Dataset records
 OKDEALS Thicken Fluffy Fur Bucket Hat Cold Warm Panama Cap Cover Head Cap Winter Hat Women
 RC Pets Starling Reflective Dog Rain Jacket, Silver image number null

---

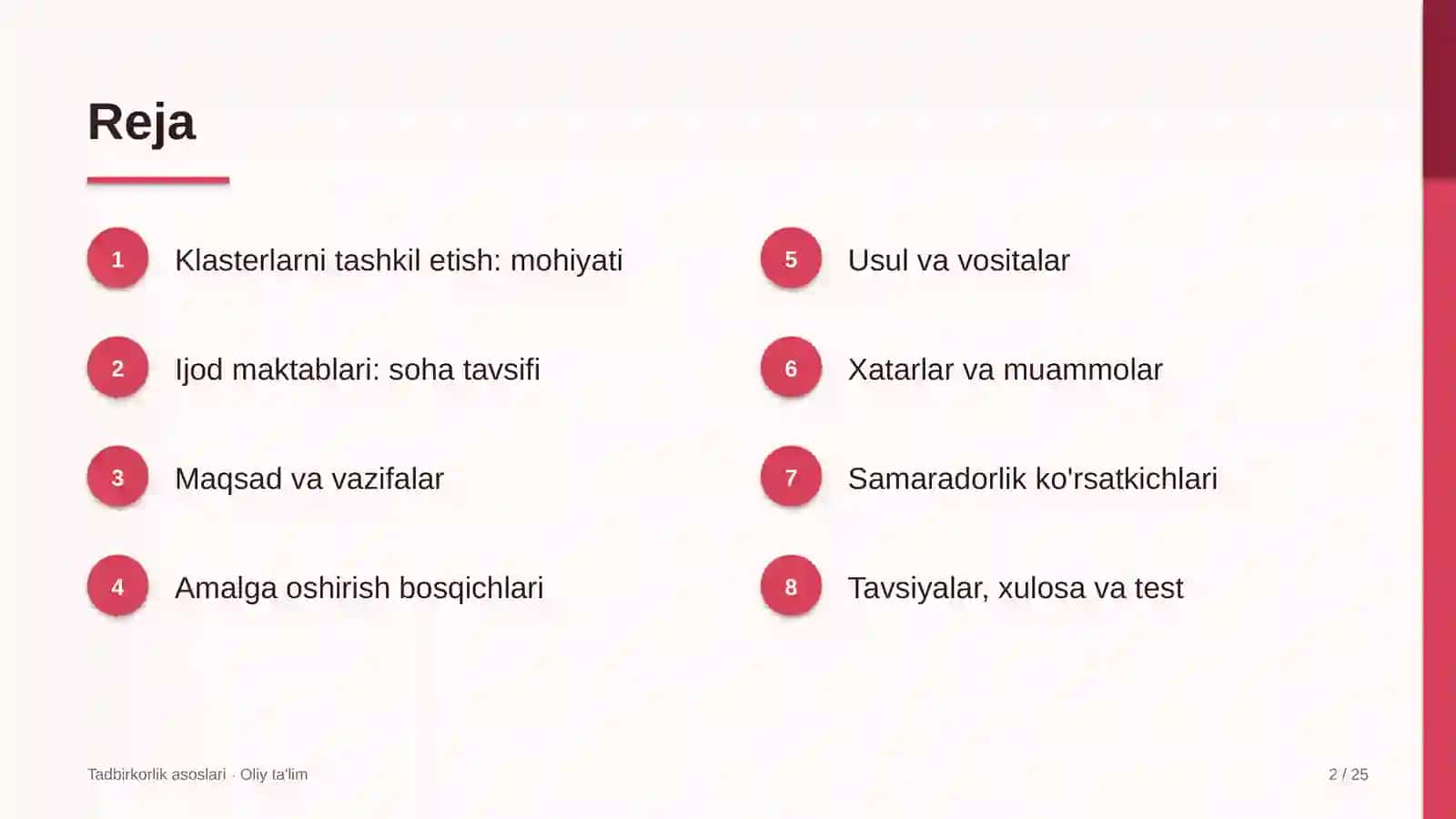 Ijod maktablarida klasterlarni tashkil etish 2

Task to complete
Proceeding from the line containing "OKDEALS Thicken Fluffy" through the line containing "RC Pets Starling", transcribe the lines above exactly, both end lines included.

Answer to the problem
 OKDEALS Thicken Fluffy Fur Bucket Hat Cold Warm Panama Cap Cover Head Cap Winter Hat Women
 RC Pets Starling Reflective Dog Rain Jacket, Silver image number null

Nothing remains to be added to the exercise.